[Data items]
####

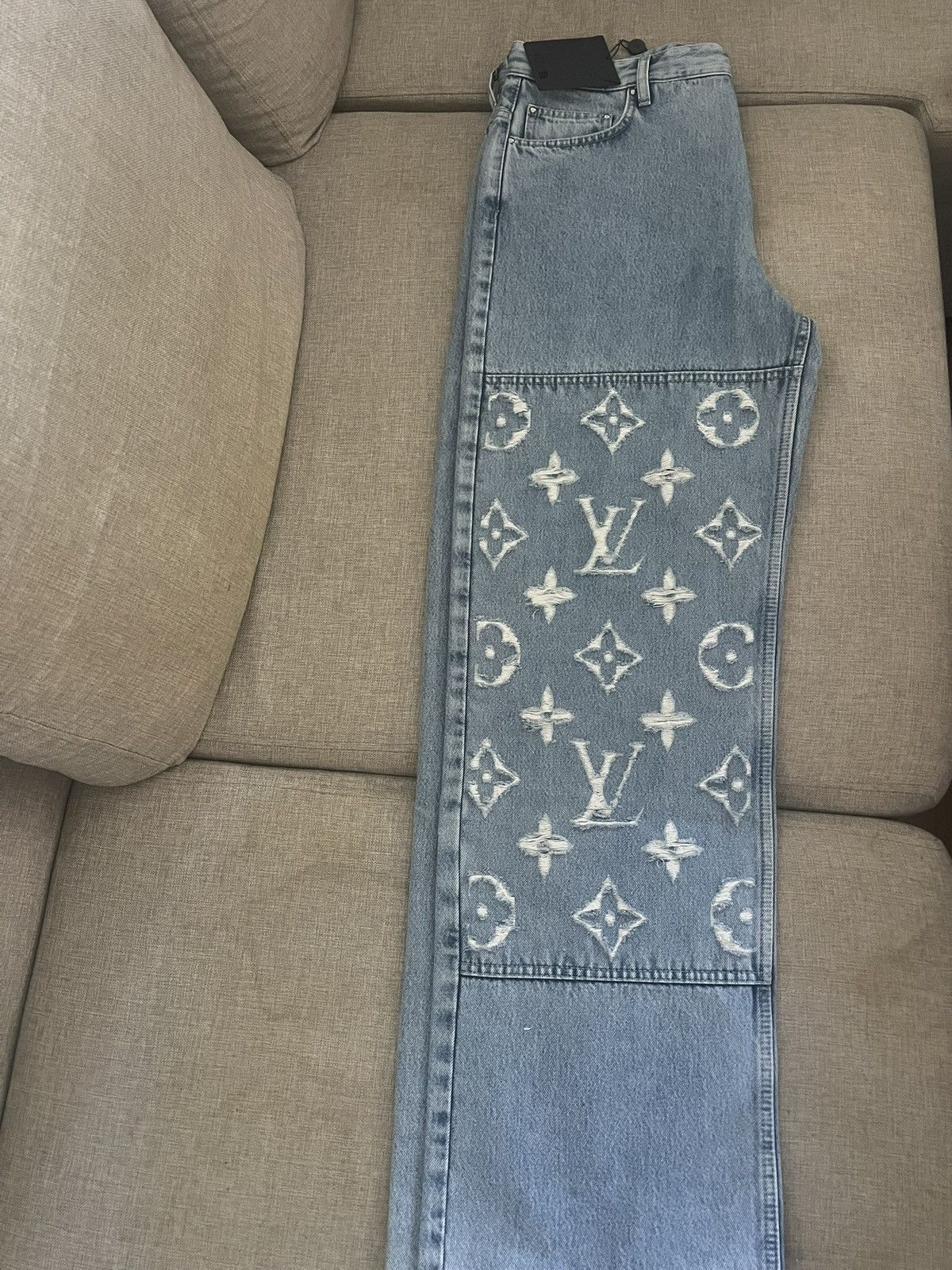 Louis Vuitton Louis Vuitton Denim Skate Jeans Indigo Size US 29 - 2 Thumbnail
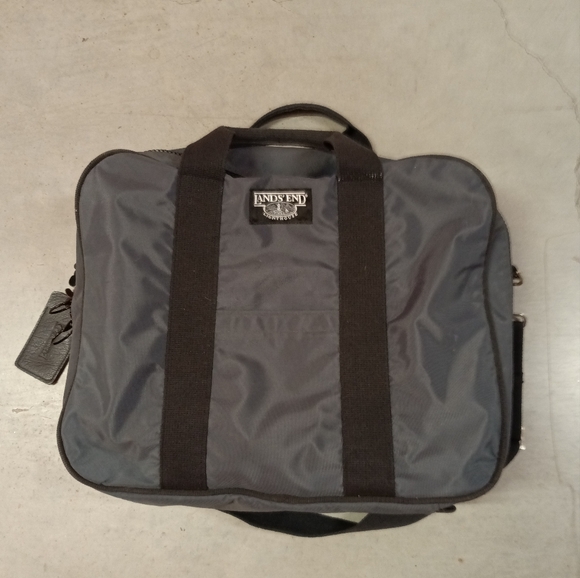 Lands' End Lighthouse Square Luggage Gray & Black - Picture 2 of 10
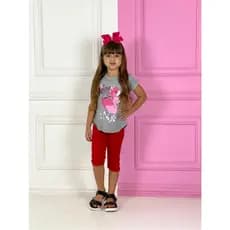 Conjunto Menina Infantil Camiseta e Calça Legging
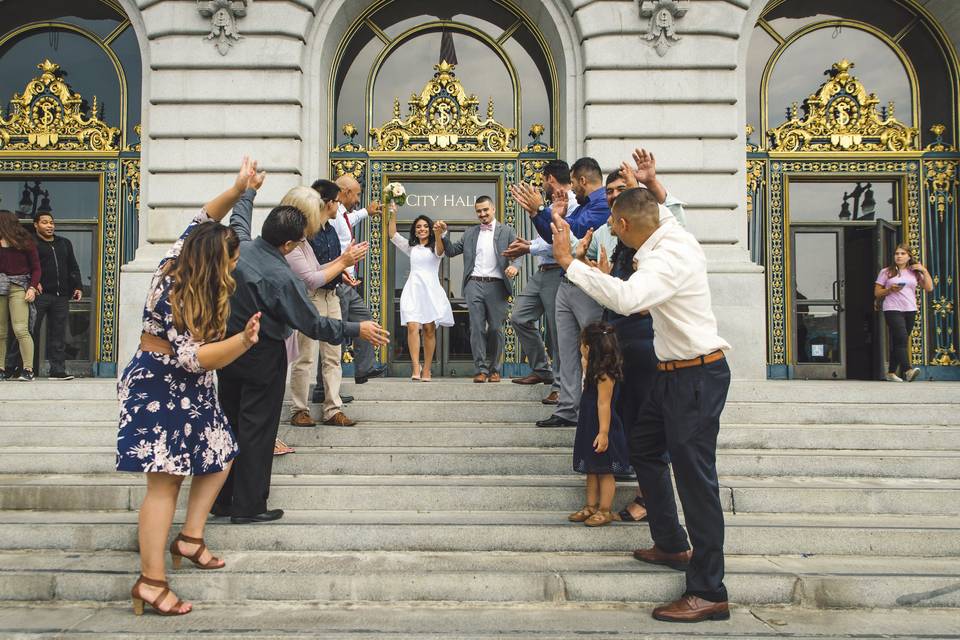 A fun SF City Hall wedding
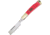 Frost One Arm Razor, 3.75in Closed, Satin Stainless Razor Blade, Red Jigged Bone Handle, SW-034DRCS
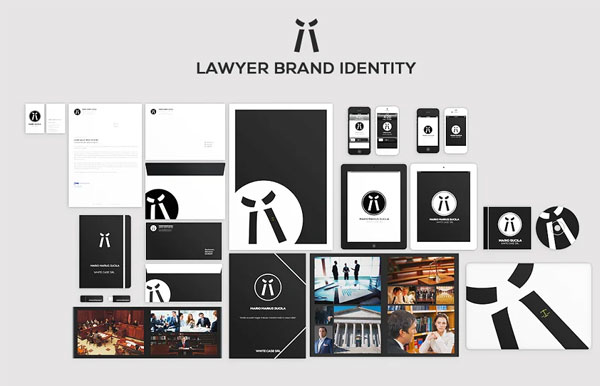 Lawyer Brand Identity Designs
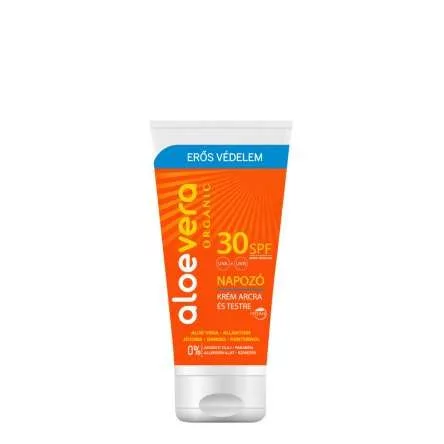 EREDETI ALOE VERA NAPOZÓ KRÉM ARCA ÉS TESTRE SPF30 150ML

####

* Try it: Print the data once more without any change, skipping each picture.

* Answer space:
 Louis Vuitton Louis Vuitton Denim Skate Jeans Indigo Size US 29 - 2 Thumbnail
 Lands' End Lighthouse Square Luggage Gray & Black - Picture 2 of 10
 Conjunto Menina Infantil Camiseta e Calça Legging
 A fun SF City Hall wedding
 Frost One Arm Razor, 3.75in Closed, Satin Stainless Razor Blade, Red Jigged Bone Handle, SW-034DRCS
 Lawyer Brand Identity Designs
 EREDETI ALOE VERA NAPOZÓ KRÉM ARCA ÉS TESTRE SPF30 150ML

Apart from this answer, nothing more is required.